In this spirit, the camp's members are engaged in ridiculing and dismissing Israel's demand that it must be recognized as Jewish state. "Demanding that the Palestinians recognize Israel as a Jewish state is nonsense," former Mossad chief Meir Dagan ruled recently, reflecting the growing rhetoric of those whose voice in the media is immeasurably louder than their number, from Lapid to the best of the Left's strongholds and its loose ends.
"We will never recognize a Jewish state," Abbas said in recent days, reiterating his firm objection to Israel's demand, and none of the Israeli peace guards publicly discussed the question why, in God's name, does the "incredibly moderate" partner insisting on objecting.
According to the Palestinians, this issue – of all core issues – does not entail, allegedly, a fundamental concession. They also know that their chances of being portrayed as the non-guilty side, while punting the blame into Israel's court, will improve immensely when it turns out that the fate of the current round of talks will not be any different from previous rounds in the past 14 years.

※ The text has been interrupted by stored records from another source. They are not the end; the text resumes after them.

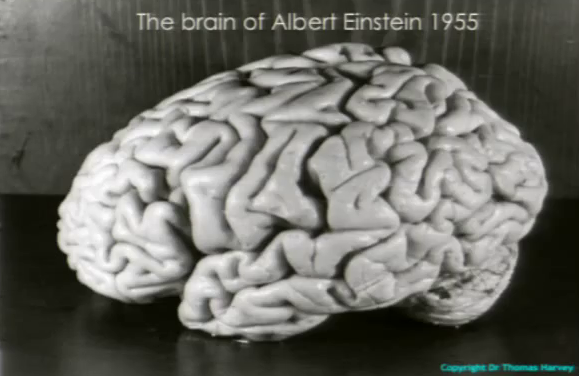 Einstein's brain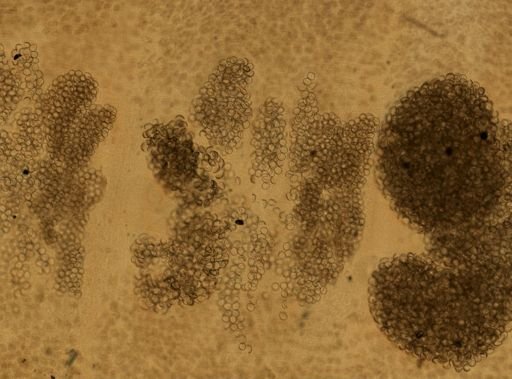 Diphyllobothrium latum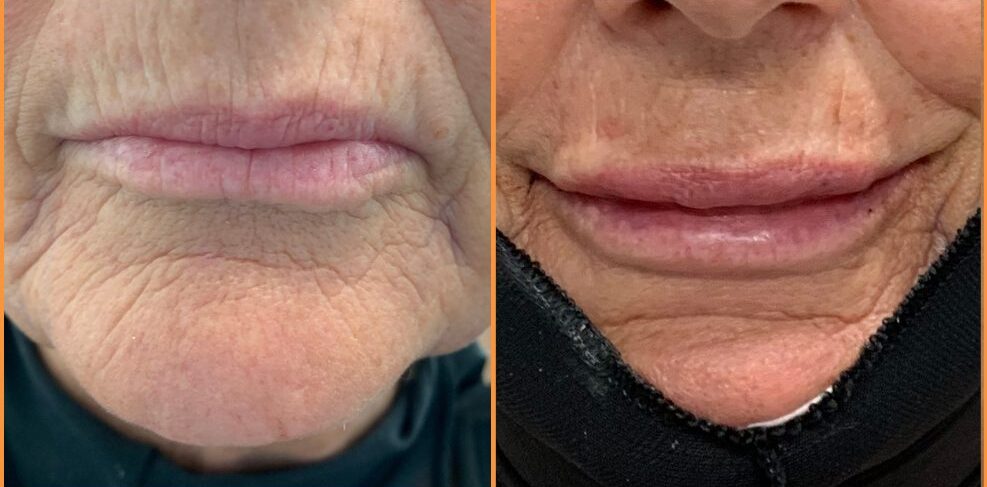 Lower face before and after lip filler, showing improved lip projection and smoothed perioral area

Spirit of Palestinian treatyThe explanation for the strategic Palestinian insistence (rather than tactical, as some Israelis conveniently portray it) not to recognize a Jewish state or the Jewish nation-state stems of course from the fear that it will greatly damage the refugees' claim to return to Israel proper, but it also stems just as much from the simple fact that Abbas, like the rest of the senior PA officials, is part of a long Palestinian reality which denies that the Jews are a national group entitled to its own state.

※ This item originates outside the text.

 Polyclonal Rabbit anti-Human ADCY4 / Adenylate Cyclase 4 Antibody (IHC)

None of them has really given up on their years-long ambition that the State of Israel as such will be overpowered, whether by sword or by demography, and of course with the loyal help of the local progressive forces.
In the entire Palestinian ethos and literature there is not a shred of real willingness for such a recognition. This literature is bursting since 1948 with discussions about "the Palestinian problem," with explanations about the horrible sin in the establishment of Israel, and about how justified it is to remove it from this world, and to the same extent about how the Jews are a religious ethnic group, rather than a people or a nation.
That is, of course, the spirit in the firm and abiding Palestinian treaty as well – as opposed to the Palestinians' fabrications that it was canceled in 1996. Article 20 of the treaty, for example, states that "Judaism as a heavenly religion is not a self-existing nationality, and the Jews are not one people with an independent personality, but citizens in the states they belong to."
Peter Beinart, one of Israel's most hateful critics in the radical Jewish Left in the US, admitted recently that "every Palestinian I know considers political Zionism itself a racist ideology built upon ethnic cleansing. In that sense, when Jewish hawks say Palestinians oppose not only Israeli control over Hebron, but Israeli control over Tel Aviv, they’re absolutely right."
Even if this bitter truth interests the majority of the Israeli Left like yesterday's news, the more realistic public in Israel realizes that behind the Palestinian insistence lies an organized ideology of refusing to accept Israel, even in the 1948 borders, and to the same extent – a hidden intention to flood it with refugees. Therefore, binding the Palestinians in a public and contractual recognition of Israel as a Jewish state is a minimum, elementary and justified demand.